Task statement:
Only the lines from the one with "this 640×480 image." onward are wanted, through the last line of the entries, set down exactly.

Records for this exercise:
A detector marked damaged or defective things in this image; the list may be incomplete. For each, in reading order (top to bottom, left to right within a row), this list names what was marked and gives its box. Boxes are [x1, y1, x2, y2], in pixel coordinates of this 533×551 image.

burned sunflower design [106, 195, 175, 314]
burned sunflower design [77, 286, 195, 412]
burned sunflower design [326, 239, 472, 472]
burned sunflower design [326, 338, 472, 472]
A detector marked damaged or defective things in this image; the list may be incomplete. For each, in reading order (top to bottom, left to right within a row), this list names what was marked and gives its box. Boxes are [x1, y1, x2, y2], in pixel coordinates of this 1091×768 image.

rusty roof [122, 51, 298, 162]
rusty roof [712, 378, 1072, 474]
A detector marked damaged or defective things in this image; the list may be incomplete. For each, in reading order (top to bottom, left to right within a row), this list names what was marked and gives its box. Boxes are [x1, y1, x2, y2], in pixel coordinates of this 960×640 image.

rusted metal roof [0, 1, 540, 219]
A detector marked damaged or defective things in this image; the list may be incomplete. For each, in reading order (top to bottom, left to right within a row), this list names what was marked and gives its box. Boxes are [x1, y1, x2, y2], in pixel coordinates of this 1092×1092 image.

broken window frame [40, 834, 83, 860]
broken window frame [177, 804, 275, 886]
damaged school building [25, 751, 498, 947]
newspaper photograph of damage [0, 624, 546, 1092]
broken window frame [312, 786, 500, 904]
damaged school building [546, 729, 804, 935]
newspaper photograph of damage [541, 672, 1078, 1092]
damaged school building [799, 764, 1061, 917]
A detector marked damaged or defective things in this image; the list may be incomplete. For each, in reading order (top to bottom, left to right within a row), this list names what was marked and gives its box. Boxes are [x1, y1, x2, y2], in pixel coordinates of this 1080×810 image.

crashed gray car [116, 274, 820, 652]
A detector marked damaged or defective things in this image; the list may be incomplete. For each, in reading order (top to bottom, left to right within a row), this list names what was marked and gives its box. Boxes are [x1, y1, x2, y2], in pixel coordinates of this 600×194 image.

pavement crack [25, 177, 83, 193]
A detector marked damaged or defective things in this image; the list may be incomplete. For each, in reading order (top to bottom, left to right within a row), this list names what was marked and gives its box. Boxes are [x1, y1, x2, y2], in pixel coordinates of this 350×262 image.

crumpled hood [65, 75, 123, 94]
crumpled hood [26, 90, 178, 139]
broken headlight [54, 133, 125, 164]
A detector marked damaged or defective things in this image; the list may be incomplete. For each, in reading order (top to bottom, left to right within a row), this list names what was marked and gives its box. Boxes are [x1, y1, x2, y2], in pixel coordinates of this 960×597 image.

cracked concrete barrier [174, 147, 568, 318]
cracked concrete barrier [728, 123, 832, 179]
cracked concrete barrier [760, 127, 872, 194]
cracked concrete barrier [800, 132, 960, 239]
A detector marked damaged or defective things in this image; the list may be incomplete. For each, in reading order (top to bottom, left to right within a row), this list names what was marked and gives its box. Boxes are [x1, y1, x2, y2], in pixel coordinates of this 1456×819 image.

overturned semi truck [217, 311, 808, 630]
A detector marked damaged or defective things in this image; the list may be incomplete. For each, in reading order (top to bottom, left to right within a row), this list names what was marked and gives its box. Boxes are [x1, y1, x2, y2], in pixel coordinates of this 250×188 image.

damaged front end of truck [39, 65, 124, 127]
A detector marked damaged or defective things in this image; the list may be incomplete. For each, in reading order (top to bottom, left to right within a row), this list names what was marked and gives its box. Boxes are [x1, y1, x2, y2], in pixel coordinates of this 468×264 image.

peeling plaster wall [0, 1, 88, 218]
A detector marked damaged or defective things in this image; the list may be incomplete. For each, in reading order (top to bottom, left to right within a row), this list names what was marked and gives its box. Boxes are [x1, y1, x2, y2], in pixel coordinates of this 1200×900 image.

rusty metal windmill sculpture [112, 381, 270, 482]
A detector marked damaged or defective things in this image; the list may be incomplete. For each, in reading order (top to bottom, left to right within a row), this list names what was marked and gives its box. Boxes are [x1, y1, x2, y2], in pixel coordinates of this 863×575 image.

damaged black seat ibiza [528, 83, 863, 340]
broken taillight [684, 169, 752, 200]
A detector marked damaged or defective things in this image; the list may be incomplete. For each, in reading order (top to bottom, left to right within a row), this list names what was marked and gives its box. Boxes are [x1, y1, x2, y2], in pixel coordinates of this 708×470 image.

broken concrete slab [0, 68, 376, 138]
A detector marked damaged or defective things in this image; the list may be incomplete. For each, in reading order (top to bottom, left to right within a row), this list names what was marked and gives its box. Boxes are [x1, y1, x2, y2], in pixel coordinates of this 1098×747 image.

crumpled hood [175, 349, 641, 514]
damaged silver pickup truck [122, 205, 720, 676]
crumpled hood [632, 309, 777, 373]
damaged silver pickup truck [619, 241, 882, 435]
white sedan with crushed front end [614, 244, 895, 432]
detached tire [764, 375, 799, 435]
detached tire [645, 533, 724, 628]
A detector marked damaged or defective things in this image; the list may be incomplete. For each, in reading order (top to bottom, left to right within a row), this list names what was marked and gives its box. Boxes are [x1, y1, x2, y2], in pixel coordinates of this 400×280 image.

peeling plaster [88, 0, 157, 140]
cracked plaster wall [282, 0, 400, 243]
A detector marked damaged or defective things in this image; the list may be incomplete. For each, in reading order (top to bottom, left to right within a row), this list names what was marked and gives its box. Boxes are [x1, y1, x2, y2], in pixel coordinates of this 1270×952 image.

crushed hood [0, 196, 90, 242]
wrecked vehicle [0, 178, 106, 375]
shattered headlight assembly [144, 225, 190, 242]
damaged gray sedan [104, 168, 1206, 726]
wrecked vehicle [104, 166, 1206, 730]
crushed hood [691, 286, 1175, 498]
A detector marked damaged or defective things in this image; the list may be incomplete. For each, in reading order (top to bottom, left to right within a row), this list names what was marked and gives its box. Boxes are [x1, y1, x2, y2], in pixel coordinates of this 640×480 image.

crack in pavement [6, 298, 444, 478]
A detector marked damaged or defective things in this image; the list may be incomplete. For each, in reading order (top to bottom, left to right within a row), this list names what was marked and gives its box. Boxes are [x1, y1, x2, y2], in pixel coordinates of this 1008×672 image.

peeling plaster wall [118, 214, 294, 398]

Response to this task:
A detector marked damaged or defective things in this image; the list may be incomplete. For each, in reading order (top to bottom, left to right within a row), this list names what was marked and gives its box. Boxes are [x1, y1, x2, y2], in pixel coordinates of this 640×480 image.

crack in pavement [6, 298, 444, 478]
A detector marked damaged or defective things in this image; the list may be incomplete. For each, in reading order (top to bottom, left to right within a row), this list names what was marked and gives its box. Boxes are [x1, y1, x2, y2], in pixel coordinates of this 1008×672 image.

peeling plaster wall [118, 214, 294, 398]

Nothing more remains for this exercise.